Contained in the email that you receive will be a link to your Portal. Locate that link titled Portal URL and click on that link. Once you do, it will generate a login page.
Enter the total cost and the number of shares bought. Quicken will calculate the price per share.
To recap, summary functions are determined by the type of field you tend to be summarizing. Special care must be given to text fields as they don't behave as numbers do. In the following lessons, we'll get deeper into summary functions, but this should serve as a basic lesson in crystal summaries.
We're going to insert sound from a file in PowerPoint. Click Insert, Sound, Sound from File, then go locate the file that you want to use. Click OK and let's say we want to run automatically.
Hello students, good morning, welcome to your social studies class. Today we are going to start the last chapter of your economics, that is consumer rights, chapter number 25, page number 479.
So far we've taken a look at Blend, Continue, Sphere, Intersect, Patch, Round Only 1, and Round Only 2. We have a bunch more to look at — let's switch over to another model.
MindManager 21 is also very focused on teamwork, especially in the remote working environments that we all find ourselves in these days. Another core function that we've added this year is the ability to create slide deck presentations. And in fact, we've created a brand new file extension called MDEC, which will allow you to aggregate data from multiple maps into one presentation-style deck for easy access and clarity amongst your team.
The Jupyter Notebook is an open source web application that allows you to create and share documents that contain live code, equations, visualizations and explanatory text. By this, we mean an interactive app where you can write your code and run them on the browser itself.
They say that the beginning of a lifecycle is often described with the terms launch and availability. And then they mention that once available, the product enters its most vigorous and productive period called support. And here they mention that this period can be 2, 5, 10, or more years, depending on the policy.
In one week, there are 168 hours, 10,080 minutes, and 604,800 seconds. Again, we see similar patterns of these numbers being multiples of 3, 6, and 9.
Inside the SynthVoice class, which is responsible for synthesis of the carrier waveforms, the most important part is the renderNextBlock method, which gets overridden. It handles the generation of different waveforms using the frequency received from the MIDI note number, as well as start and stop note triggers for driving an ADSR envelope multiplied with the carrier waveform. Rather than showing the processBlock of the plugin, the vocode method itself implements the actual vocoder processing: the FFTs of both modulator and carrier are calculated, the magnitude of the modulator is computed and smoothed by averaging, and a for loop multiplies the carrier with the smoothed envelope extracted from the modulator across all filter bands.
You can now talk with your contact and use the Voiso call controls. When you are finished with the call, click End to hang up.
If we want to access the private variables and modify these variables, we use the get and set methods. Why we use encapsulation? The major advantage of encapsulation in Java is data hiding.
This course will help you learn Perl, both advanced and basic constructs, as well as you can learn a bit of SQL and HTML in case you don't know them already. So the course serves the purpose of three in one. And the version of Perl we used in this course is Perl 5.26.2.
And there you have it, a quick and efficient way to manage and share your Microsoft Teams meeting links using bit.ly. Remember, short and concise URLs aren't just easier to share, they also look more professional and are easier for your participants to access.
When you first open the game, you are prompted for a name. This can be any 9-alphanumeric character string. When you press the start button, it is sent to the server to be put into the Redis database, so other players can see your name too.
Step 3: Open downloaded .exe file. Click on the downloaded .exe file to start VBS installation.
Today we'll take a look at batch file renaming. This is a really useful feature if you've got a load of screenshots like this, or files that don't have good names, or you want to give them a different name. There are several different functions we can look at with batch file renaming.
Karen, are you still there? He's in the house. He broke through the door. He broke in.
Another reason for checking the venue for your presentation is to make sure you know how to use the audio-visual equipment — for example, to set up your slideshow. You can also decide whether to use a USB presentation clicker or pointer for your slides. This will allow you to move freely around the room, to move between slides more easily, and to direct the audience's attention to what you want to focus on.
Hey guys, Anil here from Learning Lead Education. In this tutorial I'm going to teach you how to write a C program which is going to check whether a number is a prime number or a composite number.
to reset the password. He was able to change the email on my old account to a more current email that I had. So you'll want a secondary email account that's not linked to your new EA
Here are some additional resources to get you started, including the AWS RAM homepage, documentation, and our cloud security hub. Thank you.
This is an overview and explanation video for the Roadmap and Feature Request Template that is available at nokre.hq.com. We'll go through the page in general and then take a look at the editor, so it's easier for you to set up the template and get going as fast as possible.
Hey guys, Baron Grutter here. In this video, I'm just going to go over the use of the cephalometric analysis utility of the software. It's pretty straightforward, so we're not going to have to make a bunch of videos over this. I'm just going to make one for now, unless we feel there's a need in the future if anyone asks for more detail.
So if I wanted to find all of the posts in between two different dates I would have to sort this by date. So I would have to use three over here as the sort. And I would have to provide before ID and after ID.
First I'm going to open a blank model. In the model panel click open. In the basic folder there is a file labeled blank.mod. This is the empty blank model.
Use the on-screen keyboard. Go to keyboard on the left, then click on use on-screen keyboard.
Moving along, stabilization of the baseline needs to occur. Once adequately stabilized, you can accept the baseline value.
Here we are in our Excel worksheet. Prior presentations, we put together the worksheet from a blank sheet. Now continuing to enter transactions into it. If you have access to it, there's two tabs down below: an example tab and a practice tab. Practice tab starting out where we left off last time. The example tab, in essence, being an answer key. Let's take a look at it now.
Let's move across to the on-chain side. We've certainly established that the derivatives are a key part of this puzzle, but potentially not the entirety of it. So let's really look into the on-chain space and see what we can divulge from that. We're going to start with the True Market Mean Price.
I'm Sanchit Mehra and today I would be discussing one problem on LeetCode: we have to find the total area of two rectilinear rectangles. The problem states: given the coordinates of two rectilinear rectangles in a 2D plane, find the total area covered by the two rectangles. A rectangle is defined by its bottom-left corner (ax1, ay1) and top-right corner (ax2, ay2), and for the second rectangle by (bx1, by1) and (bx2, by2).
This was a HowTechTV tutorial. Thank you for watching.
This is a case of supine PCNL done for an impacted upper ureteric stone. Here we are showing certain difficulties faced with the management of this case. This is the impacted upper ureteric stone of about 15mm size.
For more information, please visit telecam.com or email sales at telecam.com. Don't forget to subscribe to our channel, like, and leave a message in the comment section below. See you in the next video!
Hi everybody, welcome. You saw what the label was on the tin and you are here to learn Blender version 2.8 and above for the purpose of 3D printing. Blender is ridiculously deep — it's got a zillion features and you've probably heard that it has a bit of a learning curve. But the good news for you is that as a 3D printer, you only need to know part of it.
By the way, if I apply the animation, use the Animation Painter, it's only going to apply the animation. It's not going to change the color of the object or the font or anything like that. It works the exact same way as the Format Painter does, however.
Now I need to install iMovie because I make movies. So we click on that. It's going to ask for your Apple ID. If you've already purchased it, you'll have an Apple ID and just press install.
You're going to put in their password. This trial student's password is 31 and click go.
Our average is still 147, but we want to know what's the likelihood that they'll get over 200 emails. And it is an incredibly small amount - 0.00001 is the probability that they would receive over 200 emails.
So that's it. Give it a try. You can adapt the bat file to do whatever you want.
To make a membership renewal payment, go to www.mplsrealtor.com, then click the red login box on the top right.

-*-*-

**What to do:**
Set down, word for word and with no other lines, the listing from the line marked by "So that's it." through its final line.

**Solution for this exercise:**
So that's it. Give it a try. You can adapt the bat file to do whatever you want.
To make a membership renewal payment, go to www.mplsrealtor.com, then click the red login box on the top right.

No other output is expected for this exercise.